DATASET EXCERPT -
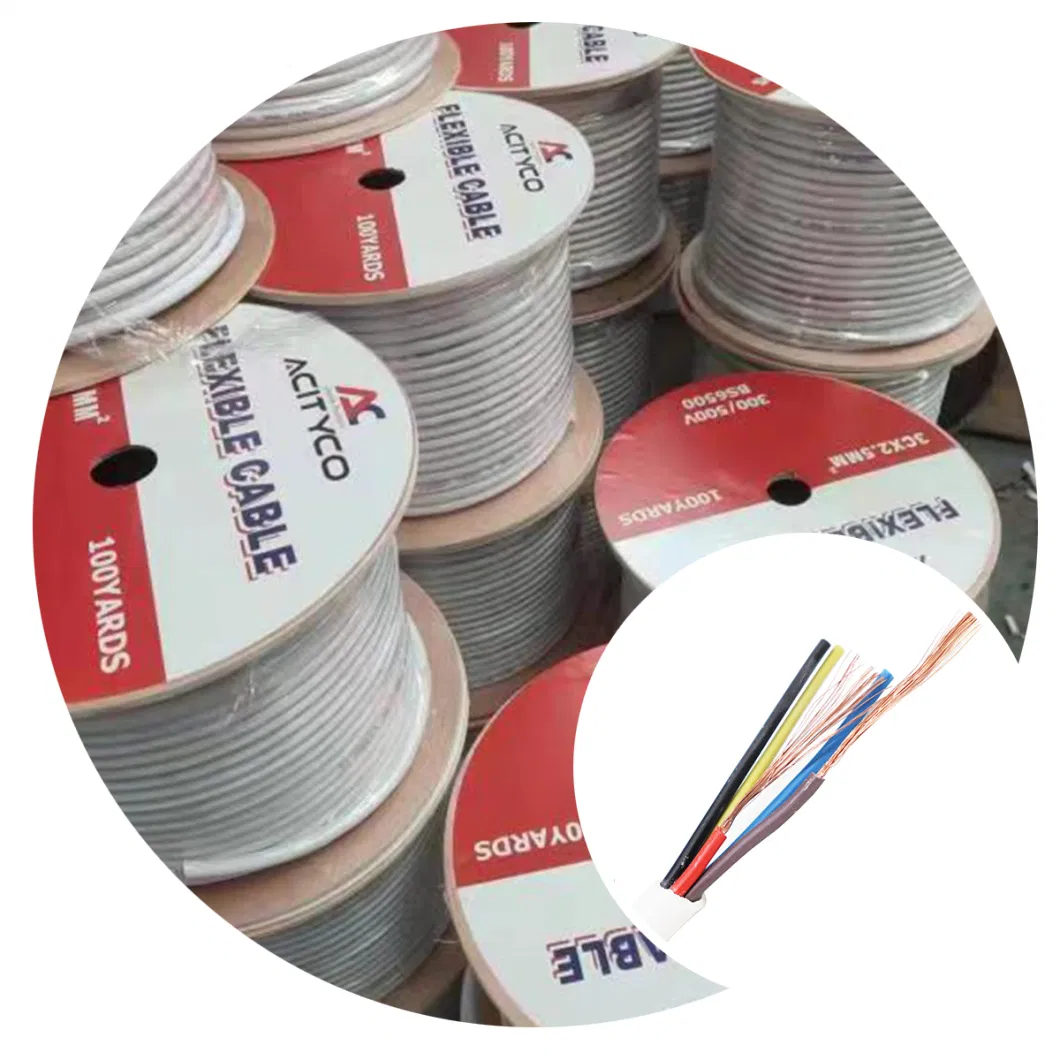 2c 3c 4c 5c Multi Strand Rvv Shielded Flexible Copper Cable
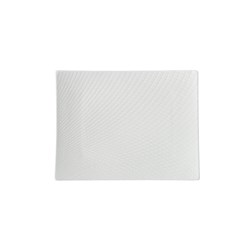 Okito Rectangle Platter White 220mm 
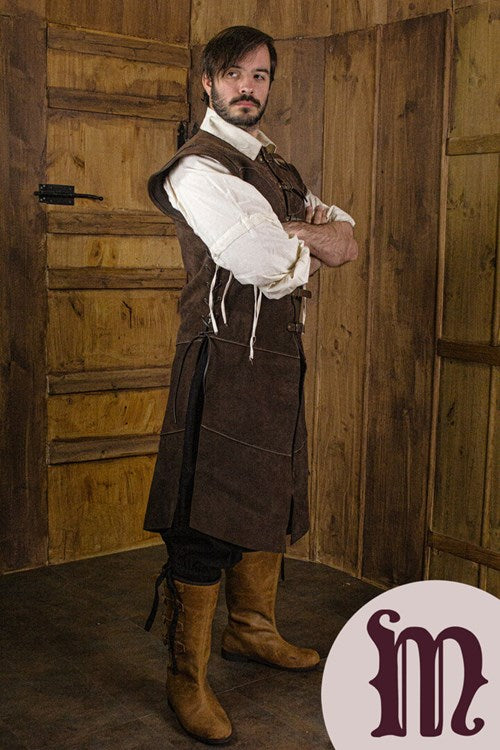 Farsetto lungo Jules in pelle Larp/Grv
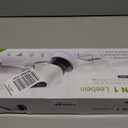 Leebein Electric Spin Scrubber, Cordless Cleaning Brush with 8 Replaceable Brush Heads, Tub and Floor Tile 360 Power Scrubber Dual Speed with Adjustable & Detachable Handle for Bathroom Kitchen Car (White)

WHAT YOU WILL DO - Working from the material above, transcribe it exactly while omitting pictures.

TASK RESULT -
 2c 3c 4c 5c Multi Strand Rvv Shielded Flexible Copper Cable
 Okito Rectangle Platter White 220mm 
 Farsetto lungo Jules in pelle Larp/Grv
 Leebein Electric Spin Scrubber, Cordless Cleaning Brush with 8 Replaceable Brush Heads, Tub and Floor Tile 360 Power Scrubber Dual Speed with Adjustable & Detachable Handle for Bathroom Kitchen Car (White)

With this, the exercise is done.